• **Exercise**: Working through the entries below, find how many lines include the string "Ford"; give only that number.

Start of Source records

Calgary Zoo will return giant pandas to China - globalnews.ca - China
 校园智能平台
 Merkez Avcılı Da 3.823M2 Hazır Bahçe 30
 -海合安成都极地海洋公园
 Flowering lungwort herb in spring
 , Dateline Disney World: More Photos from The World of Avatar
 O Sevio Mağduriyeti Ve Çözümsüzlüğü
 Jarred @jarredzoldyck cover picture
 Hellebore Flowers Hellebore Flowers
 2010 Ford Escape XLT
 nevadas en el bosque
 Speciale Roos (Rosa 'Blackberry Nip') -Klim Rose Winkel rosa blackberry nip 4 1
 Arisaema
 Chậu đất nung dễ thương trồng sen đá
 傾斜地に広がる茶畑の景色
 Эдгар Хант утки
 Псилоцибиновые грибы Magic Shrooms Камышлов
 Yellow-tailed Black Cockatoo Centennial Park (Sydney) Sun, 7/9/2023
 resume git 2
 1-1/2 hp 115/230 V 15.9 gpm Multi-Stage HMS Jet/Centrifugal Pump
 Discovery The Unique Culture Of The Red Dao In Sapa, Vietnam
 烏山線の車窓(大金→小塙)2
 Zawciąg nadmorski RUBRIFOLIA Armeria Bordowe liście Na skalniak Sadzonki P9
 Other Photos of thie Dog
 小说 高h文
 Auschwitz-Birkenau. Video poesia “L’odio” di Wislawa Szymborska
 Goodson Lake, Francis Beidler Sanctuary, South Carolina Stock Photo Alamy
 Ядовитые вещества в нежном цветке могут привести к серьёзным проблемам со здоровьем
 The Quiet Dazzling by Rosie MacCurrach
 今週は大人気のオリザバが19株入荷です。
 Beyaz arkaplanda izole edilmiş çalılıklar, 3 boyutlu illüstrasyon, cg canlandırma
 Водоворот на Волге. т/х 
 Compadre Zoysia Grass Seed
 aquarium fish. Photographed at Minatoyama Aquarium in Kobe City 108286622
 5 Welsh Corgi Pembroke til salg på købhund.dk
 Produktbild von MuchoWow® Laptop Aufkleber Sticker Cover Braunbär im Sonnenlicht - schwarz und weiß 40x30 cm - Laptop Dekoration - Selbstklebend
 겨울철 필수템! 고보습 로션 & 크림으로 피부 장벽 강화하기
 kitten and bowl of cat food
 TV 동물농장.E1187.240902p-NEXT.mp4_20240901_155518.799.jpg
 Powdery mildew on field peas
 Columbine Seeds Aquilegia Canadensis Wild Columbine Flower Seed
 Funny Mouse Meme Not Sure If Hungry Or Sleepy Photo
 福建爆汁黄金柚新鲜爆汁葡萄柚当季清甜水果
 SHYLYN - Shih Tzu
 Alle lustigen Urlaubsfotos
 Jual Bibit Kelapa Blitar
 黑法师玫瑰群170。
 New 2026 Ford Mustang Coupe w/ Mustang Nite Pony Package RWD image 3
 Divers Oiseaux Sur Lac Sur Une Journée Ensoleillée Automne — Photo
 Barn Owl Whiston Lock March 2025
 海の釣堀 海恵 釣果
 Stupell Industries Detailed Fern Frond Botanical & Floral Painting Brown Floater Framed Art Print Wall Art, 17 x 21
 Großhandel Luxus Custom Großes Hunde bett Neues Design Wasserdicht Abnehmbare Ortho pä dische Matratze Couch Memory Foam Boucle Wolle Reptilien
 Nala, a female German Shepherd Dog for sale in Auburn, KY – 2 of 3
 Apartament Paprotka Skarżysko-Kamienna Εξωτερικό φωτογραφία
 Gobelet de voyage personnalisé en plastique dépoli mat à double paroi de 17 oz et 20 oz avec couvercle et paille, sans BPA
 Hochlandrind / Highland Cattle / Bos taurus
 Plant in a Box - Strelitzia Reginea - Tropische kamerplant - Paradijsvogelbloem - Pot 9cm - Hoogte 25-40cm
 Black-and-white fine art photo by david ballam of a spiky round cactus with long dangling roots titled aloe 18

End of Source records

• **Output**: 2